> **Task goal**
Your response should be the lines from the one containing "Siegfried Sassoon Quotes: O" through the end of the material, copied exactly and with nothing added.

- Opening Delimiter -

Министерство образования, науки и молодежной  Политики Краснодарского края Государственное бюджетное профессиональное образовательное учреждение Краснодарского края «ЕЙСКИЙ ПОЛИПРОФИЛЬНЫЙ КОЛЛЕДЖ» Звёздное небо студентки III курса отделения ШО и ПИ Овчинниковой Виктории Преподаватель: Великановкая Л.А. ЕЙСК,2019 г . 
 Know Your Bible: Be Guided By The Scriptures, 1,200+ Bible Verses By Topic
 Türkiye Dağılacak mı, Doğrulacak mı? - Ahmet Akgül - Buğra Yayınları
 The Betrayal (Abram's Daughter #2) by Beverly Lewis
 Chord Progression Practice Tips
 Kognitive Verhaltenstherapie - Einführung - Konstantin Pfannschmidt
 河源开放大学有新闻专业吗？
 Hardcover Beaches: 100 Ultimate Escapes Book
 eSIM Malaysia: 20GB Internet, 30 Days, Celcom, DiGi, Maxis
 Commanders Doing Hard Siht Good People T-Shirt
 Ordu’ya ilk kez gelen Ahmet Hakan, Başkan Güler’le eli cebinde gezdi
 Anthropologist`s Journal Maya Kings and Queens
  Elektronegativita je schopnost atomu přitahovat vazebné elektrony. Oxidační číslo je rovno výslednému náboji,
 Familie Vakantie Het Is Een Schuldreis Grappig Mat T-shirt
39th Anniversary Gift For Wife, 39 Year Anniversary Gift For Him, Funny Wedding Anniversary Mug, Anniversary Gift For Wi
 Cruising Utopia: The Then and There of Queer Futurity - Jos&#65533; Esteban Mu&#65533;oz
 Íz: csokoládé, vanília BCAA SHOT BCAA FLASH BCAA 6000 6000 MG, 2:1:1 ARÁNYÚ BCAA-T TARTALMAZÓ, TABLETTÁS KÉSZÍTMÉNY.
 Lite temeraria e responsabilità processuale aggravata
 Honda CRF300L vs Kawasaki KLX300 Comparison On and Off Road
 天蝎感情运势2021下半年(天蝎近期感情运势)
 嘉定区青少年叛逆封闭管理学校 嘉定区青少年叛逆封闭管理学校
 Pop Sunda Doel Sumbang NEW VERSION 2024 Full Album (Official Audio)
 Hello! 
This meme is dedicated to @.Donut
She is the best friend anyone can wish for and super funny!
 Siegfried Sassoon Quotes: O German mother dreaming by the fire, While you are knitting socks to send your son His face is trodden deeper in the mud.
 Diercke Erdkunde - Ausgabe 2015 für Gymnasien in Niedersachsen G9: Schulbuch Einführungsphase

- Closing Delimiter -

> **Solution**
 Siegfried Sassoon Quotes: O German mother dreaming by the fire, While you are knitting socks to send your son His face is trodden deeper in the mud.
 Diercke Erdkunde - Ausgabe 2015 für Gymnasien in Niedersachsen G9: Schulbuch Einführungsphase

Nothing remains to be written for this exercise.